Ketika ditargetkan menyerap 3 juta ton setara beras, eksperimentasi baru ini membuat Bulog sebagai operator kedodoran. Itu tampak pada awal-awal penyerapan. Saat ini Bulog memiliki 10 sentra pengolahan padi dan 7 sentra pengolahan beras di berbagai wilayah. Dengan kapasitas giling 6 ton per jam dan asumsi kerja 10 jam sehari dan 25 hari per bulan total produksi hanya 18 ribu ton beras per bulan atau 306 ribu ton per tahun. Hanya sekitar 10% dari target pengadaan atau 1% dari konsumsi nasional.
Mau tidak mau Bulog harus menjalin dengan mitra penggilingan untuk menyerap gabah di petani. Termasuk melibatkan Babinsa dan Babinkamtibmas di desa-desa sebagai “penghubung” Bulog dengan petani. Lewat sistem maklon atau jual jasa para mitra, target bisa dipenuhi. Tercatat akhir Agustus 2025 pengadaan mencapai 2.974.453 ton beras. Sistem maklon memang memungkinkan para mitra tetap bisa bekerja dan menyetor beras ke Bulog meski harga gabah di atas HPP: Rp6.500 per kg. Caranya, dengan “otak-atik” angka rendemen mitra maklon tetap lancar menyerap gabah dan menyetor beras ke Bulog.

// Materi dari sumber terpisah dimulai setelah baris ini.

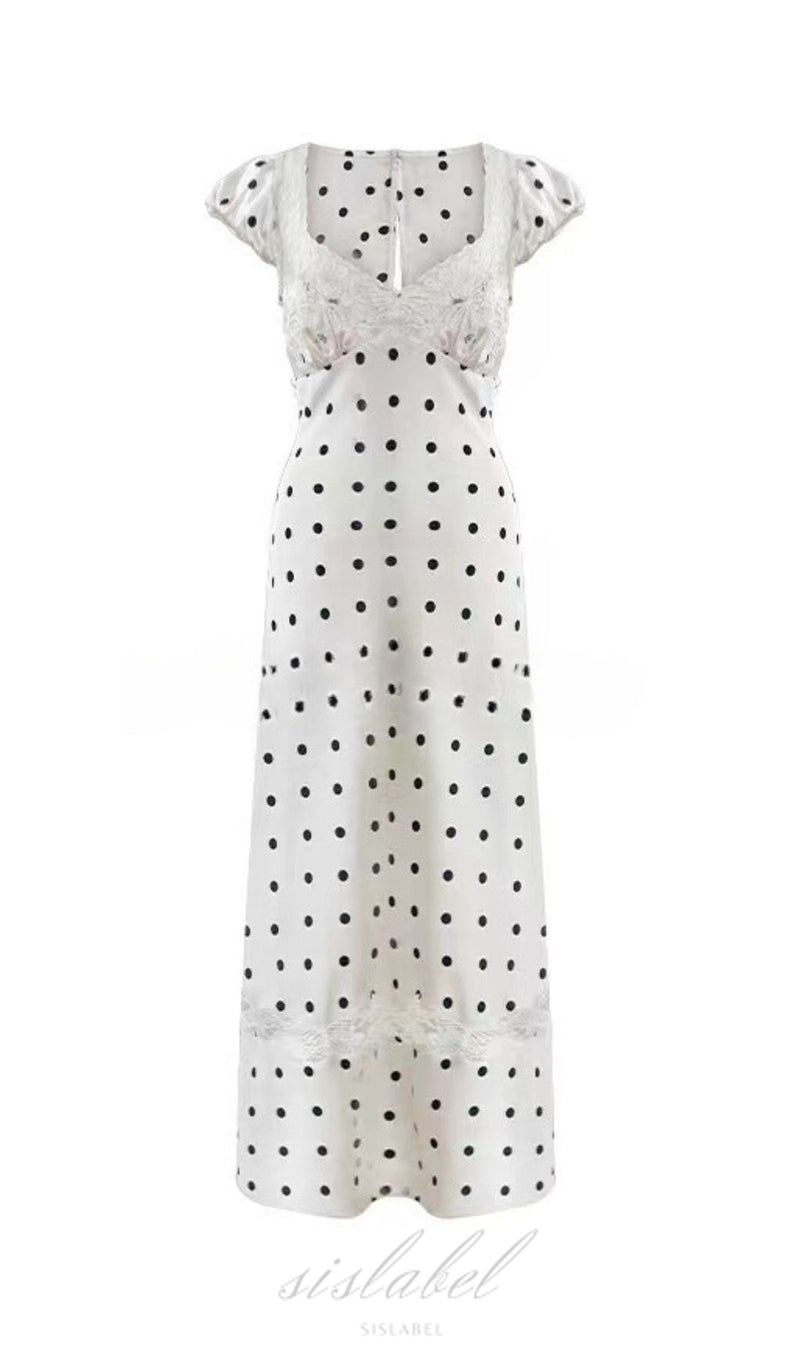 BUTTERFLY EMBELLISHED POLKA DOT CUTOUT MAXI DRESS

Akan tetapi, dampak dari praktik ini adalah rendemen pengolahan tidak pasti alias rendah. Data per 20 September 2025, rerata rendemen hanya 50,8%. Ujungnya, harga beras pengadaan Buloh jadi mahal: Rp14.404 per kg. Harga ini belum memperhitungkan hasil samping: dedak, bekatul, dan menir. Kalaupun dihitung, harga beras diperkirakan Rp14.104 – Rp14.154 per kg. Lebih mahal dari HPP beras di gudang Bulog: Rp12.000 per kg.

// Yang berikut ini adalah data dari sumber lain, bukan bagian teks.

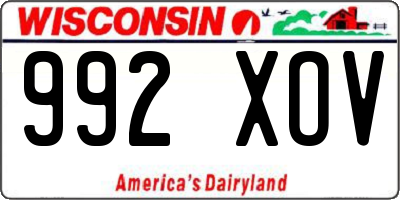 WI license plate 992XOV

Harga beras hasil pengadaan ini akan memengaruhi harga pokok beras (HPB) Bulog yang harus dibayar pemerintah. Hampir bisa dipastikan HPB Bulog akan amat mahal. HPB antara lain mencakup biaya pengolahan dan giling gabah, biaya angkutan dan distribusi, biaya bunga bank, biaya penyimpanan dan perawatan, serta biaya manajemen dan operasional. HPB dari penyerapan gabah semua kualitas dipastikan lebih mahal dari pengadaan berbentuk beras atau GKP bersyarat kualitas dan ada rafaksi harga.
Seperti di bidang lain, di industri perberasan pun berlaku kaidah Garbage In, Garbage Out (GIGO): kualitas masukan menentukan kualitas keluaran. Gabah kualitas rendah akan menghasilkan beras bermutu rendah juga. Beras seperti ini tidak bisa disimpan lama. Dengan stok beras di gudang Bulog 3,9 juta ton, ada kebutuhan mendesak segera disalurkan. Jika disimpan lama selain berpotensi susut volume, turun mutu, dan bahkan rusak, juga membebani biaya perawatan. Jika rusak kerugiannya kian besar.

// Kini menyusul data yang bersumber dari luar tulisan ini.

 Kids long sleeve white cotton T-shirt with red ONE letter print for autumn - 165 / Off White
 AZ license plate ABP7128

Dampak lain, yang boleh jadi tidak terpikirkan para pembuat kebijakan, adalah potensi penurunan produksi beras. Kualitas beras ditentukan kualitas gabah. Gabah any quality membuat ketidakpastian rendemen dan kualitas beras. Bisa dipastikan gabah any quality membuat rendemen dan kualitas beras turun. Ujung akhirnya produksi beras turun. Potensi penurunan ini belum masuk kalkulasi proyeksi produksi BPS.
Penyerapan GKP semua kualitas juga mempertaruhkan reputasi Bulog. Ini terkait kualitas beras yang tidak baik sebagai konsekuensi penyerapan GKP semua kualitas. Dua tahun terakhir, reputasi Bulog di masyarakat relatif baik. Bukan saja karena kehadiran aneka merek beras premium, tapi juga beras Stabilisasi Pasokan dan Harga Pangan (SPHP) yang bermutu baik. Reputasi baik ini berpotensi kembali tersungkur.
Adalah benar petani diuntungkan oleh kebijakan GKP semua kualitas dan tanpa rafaksi harga. Penggilingan kecil yang kesulitan berkompetisi mendapatkan gabah juga bisa bekerja dengan jadi mitra maklon Bulog. Akan tetapi, jika ditimbang dalam neraca baik-buruk, kebijakan ini diyakini lebih banyak keburukan ketimbang kebaikannya. Sebaiknya pemerintah mengevaluasi secara menyeluruh sebelum melanjutkan beleid ini.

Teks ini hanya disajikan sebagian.